SUNDAY, 28 AUGUST 2011 11:00 WRITTEN BY HILLMAN - THE ANALYST

The Fifth Schedule identity of Darjeeling District ensures Statehood.

Apropos Bhawani Bagdas, WBCS (retd) Kalimpong, whose article of 14 Aug 2011 “Restoration of the Darjeeling Zilla Parishad and its constitutional bottleneck” with an intent to explain the working and implications of the Panchayats in relation to the States overlooking the fact that there are certain areas in some of the States, where in fact the administrative setup under Part IX (The Panchayats) and Part IXA (The Municipalities) are not applicable at all. In fact the succeeding Part X (The Scheduled and Tribal Areas) are states and territories within certain States where Part IX and Part IXA does not apply under the provisions of the V [Article 244 (1)] and VI Schedules [Article 244 (2) & 275(1)].

It is the understanding of the above difference which becomes a pointer to display that the assertions submitted by B. Bagdas in his article explaining the various aspects of Article 243 B - Constitution of Panchayats (1) as well as Article 243 N - Continuation of existing laws and Panchayats, require to be read and seen in the broader framework of the Constitution in which Darjeeling District has been provided with a safeguard measure of administration as a Partially Excluded Area (PEA). The administrative setup of PEA has been defined in the Constitution of India within the provisions of the V Schedule.
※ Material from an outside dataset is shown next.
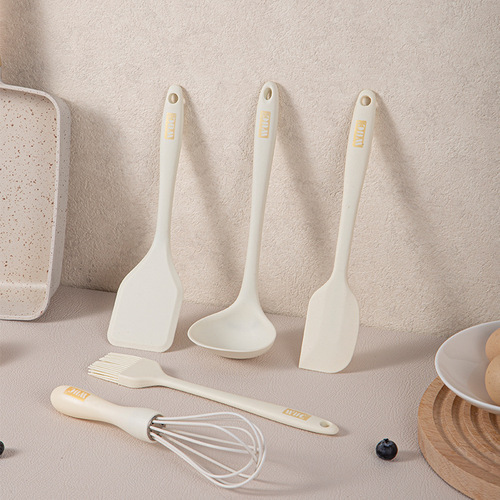 Mini silicone food supplement spatula, small silicone spatula, household kitchen high temperature resistant baby cooking spatula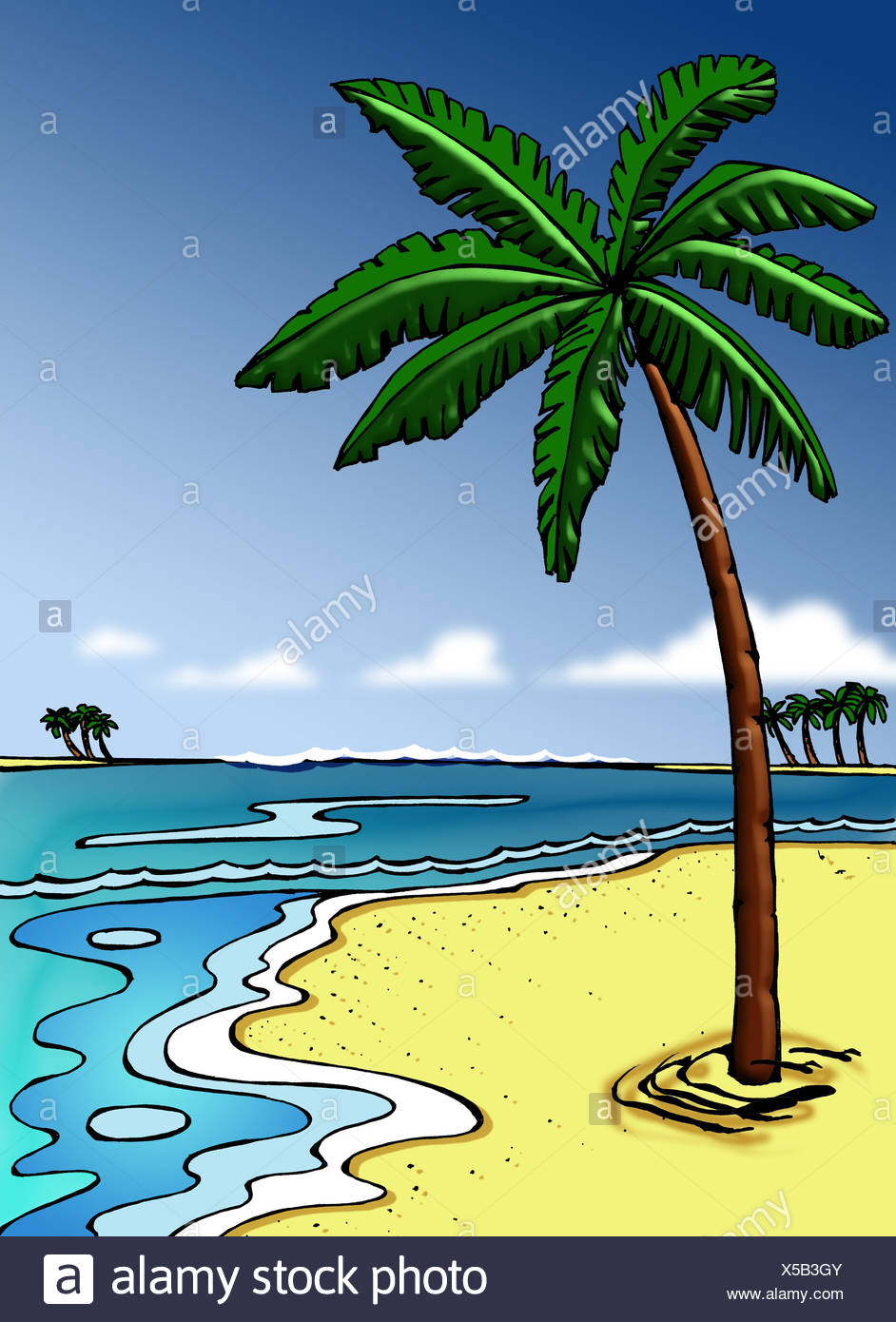 Illustration Palm Beach Islands Sea Graphics Drawing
Unless this basic instruction of the Constitution is clearly understood, reference to Panchayats and Municipalities in these areas (Excluded and Partially Excluded Areas) [E&PEA] is legally unsound, for the simple reason these areas are outside the purview of Centre and State Legislations.

A brief constitutional history as to why Centre and State Legislations are applicable to the E&PEA only under certain preconditioned notification is elaborated in the Scheduled Districts Act 1874 under Section 5 & 5 A which states, “any law made by the British Parliament could not be enforced in such Scheduled Districts or could not be applied to the people residing in such Districts”. This is further elaborated by B Shiva Rao, “the executive had power to excluded the Schedules Districts from the normal operation of ordinary laws and give them such protection as they might have required”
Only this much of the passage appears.